To continue to make those strides, UK will need Cauley-Stein to round back into form.
The sophomore had a remarkable December, blocking shots on pace with Anthony Davis and Nerlens Noel. But over his last three games, his production and minutes have plummeted. He's averaging just one point, 3.3 rebounds and 0.6 blocks in 15.3 minutes during that stretch and backup Dakari Johnson has filled the void with his best stretch of play this season.
"Again, he's playing behind Willie, and Willie's really playing well," Calipari said. "You're not gonna get many minutes then. But Willie didn't play well, so now what are you gonna do with your minutes?

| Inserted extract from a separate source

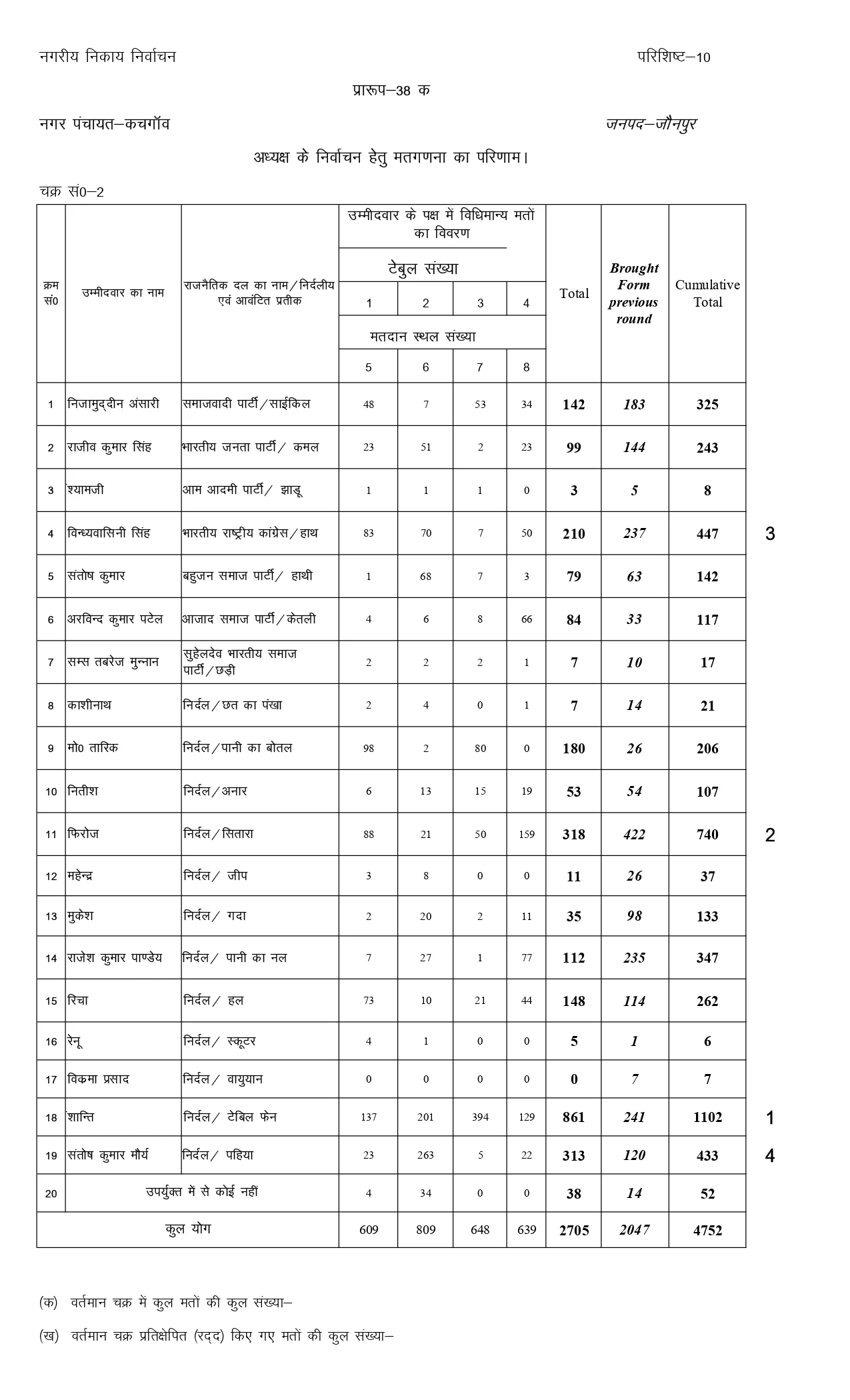 Kachgaon Nikay Chunav Result 2023 Live Updates | कचगांव नगर पंचायत का दूसरे राउंड की लिस्ट | #NayaSaveraNetwork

Well, he went in and said, 'You should be playing me instead of Willie.' "
If Thursday's practice is any indication, Cauley-Stein won't be able to be kept off the floor. After working out individually late on Wednesday, Cauley-Stein looked like a different player the next day.

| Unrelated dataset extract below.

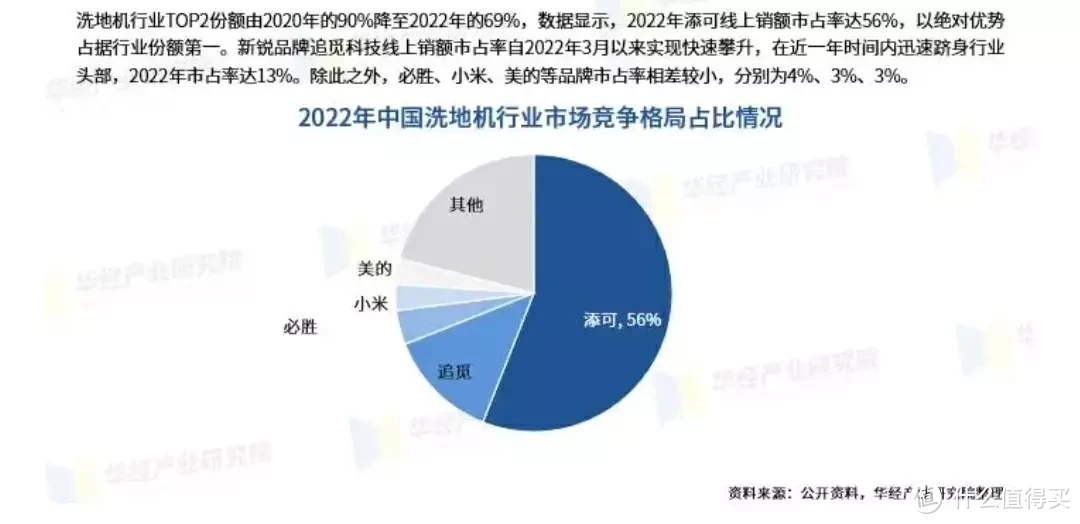 破解洗地机行业难题，70℃高温全链速干，添可新品芙万Booster Pro超乎你的想象！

"It was good to see him back to instead of avoiding everything, creating and doing the stuff that we've all seen him do," Calipari said. "You go down that road and you start thinking the wrong way -- this game is more mental than anything else. And for him, he got away from what he was doing to make himself and set himself apart."
After playing with him on Thursday, Andrew Harrison stated in no uncertain terms his belief that Cauley-Stein will be back in a big way when UK takes on Georgia (10-7, 4-1 SEC) on Saturday at 1:30 p.m. ET (SEC Network). If he is, Harrison knows what that can mean.
"He's probably the best center in the country and we need him to be as good as we can be," Harrison said.
UK will certainly need all hands on deck against the visiting Bulldogs. Georgia has won four of five to open SEC play, taking down Missouri on the road, Arkansas at home and only losing at Florida.
"They're playing exactly how they have to play to win," Calipari said. "Their guards are scoring. They're shooting the 3 when they need it. They're plus-10 rebounds in our league right now."
Guards Charles Mann (13.1 points per game) and Kenny Gaines (12.0) lead a balanced scoring attack, but Georgia remains simply "the next challenge up" in Calipari's eyes, a measuring stick for UK's progress. He knows exactly the things he'll be looking for.
"When we really, truly start playing for each other," Calipari said. "Where we have no ball-stoppers on offense. That ball moves or you make a play. On defense, that we play an entire possession and we show energy for our team, not just when we're guarding the ball. When we're not guarding the ball. That we block out on an errant shot with 0.2 seconds to go, because we're gonna finish the possession."
It's unlikely all those things will happen together on Saturday, but the Cats are working to get there eventually.
"When we get there, you'll see this team take a quantum leap," Calipari said.
Polson to have high-school jersey retired Friday
UK will take a break from its Georgia preparations to celebrate with Jarrod Polson as he has his jersey retired at West Jessamine High School on Friday night.
"I told them yesterday we were all going to go and be there for him, and they went crazy for him," Calipari said. "And what a great gesture for their high school to do."
Polson averaged 18.2 points, 6.4 assists and 4.9 rebounds as a senior, leading his team to a Sweet Sixteen berth and finishing his career as the school's all-time leading scorer with 1,884 points.
Even so, it's an honor Polson didn't see coming.
"I was pretty shocked," Polson said. "I didn't really know they do it actually while you're in college or anything like that so when they told me I was pretty excited and my family was pretty happy about it so I think it'll be a good night."